"Post-production testing is a necessary, costly evil. Yet an evil far less costly than a logo associated with unreliability and non-dependability"

Methodologies is often regarded as bordering on the profane. However, there are times it is a perfectly acceptable word, and this is when used with "test". When used on this context it should not be viewed with the same contempt as with "design methodologies" and other seriously useless wastes of time.

Test methodologies encompass test methods. Although one can have the latter without the former, the methods have a high chance of failing the product if there is no "helicopter view" of the need for the testing. Such a view, from 15+ years of product design, is given below and was used during a successful interview for a Test Manager's role. It is not, by any means, the only view. It is here to serve as an introduction for those entering the test arena.

Test Engineering: A View

After assuming the design of a product being manufactured is fault free, testing done during and after manufacture is to ensure the product has not been subjected to processes that have modified or devalued the original design. This testing does not, in any way, enhance or improve the product. It only ensures reliability and dependability, this in turn protecting the reputation of a company and its logo.

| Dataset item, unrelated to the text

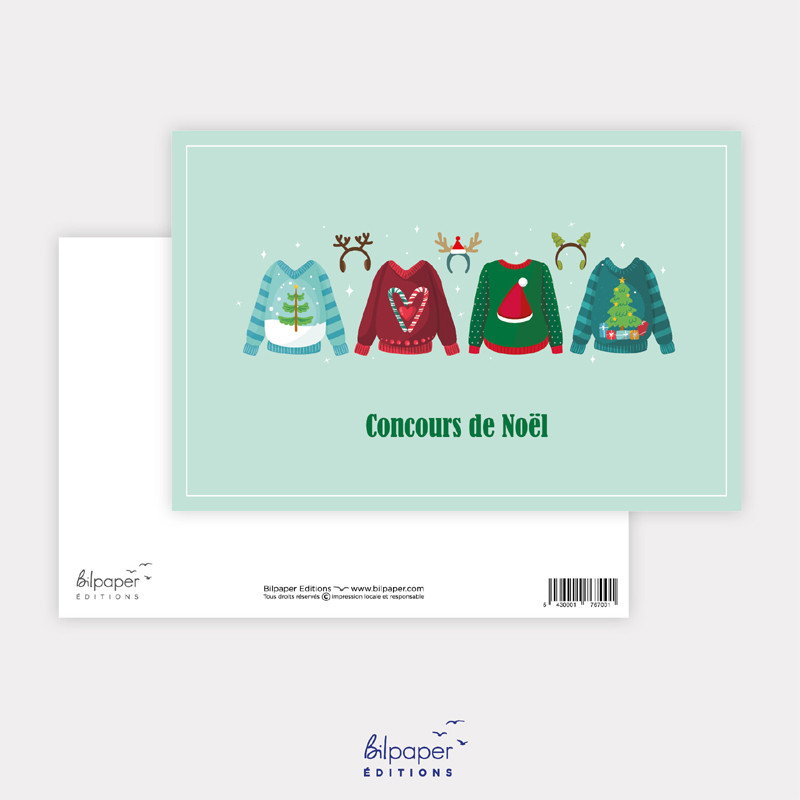 Carte concours de Noel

With this in mind it is imperative that such testing be done with the least impact on manufacturing time, and at the lowest possible cost both in capital outlay and ongoing man-hours. The cost limitations are, however, to be achieved such that the testing still aims at a 0% fault tolerance.

Testing should consider not only ensuring the product does what it is called to do, but also to ensure the product does not do anything it should not e.g. inadvertently turning on an output that should stay off.

As miniaturisation becomes more pronounced in modern designs, with surface mount technology becoming more complex and occupying more printed circuit area, test points are becoming more difficult to accommodate on the layout. However, as more products are now microprocessor based, "soft" test points can be made available with the integration of carefully designed software such that the hardware is used to perform tests upon itself and reporting any abnormalities to external test equipment.

A carefully constructed test function flow chart would incorporate the microprocessor testing all the on-chip I/O structure ensuring no pins were shorted together from stray solder during assembly. If this test passes then all peripheral devices would be interrogated to ensure all connections to these were solid ensuring no unsoldered connections. From here all external connections can be tested with the aid of suitable Automatic Test Equipment which now receives instructions from the Device Under Test.

To assist with such testing it is imperative to know exactly what every active device used in the product is capable of, including features not initially designed in but nevertheless have become available to the testing software.

What would also assist greatly would be to have a method of 'talking' to the microprocessor that uses a maximum of one other component and I/O dedicated to this component that should this test fail the area where the error exists is small and and the fault quickly located. An example of this would be a serial port and a RS232 driver (e.g. MAX232). This port being the same RS232 port as would be on most microprocessor products thus is not adding to production costs but rather using what is produced to do the testing.

The use of Automatic Test Equipment must also be carefully planned. All too often tests are carried out in a "singular" method e.g. testing an analogue input that requires stabilising before taking readings. This is a severe waste of time yet nothing prohibits the testing of other areas of the circuitry while the analogue input settles to a new test voltage or level.

Further to this argument the level of ATE introduced must be weighed against the natures of failures of the product as a whole. If the product is likely to never have a short occur on a printed circuit board, e.g. these are tested by the supplier before shipment, then introducing such board testing equipment is of no direct benefit. If it is proved that such a failure becomes apparent it is then an issue to be raised with the supplier of the offending component to rectify the situation. This will ensure the timely implementation and minimum outlay.

Calibration of any portion of a circuit should also encompass the testing of that portion. In a well designed and well manufactured product the testing should prove successful therefore testing and then calibrating a portion of a circuit requiring such calibration would effectively be "double work". If the portion of the circuit will not calibrate only then backtrack and discover why it has failed. It must be borne in mind that a "base test" was already performed to ensure there were no shorts and that everything is connected as should be.

Record keeping is imperative in all areas of the manufacturing process to assist in the improvement of the product during its life cycle. Effectively the "design verification" phase is never ending, although it is not always dealing with the product directly as the design may well be the manufacturing process, or even the testing itself.

There are many facets to testing, and many ways to accomplish it. What must not be forgotten is the reason testing is done in the first place - to keep the product in the marketplace!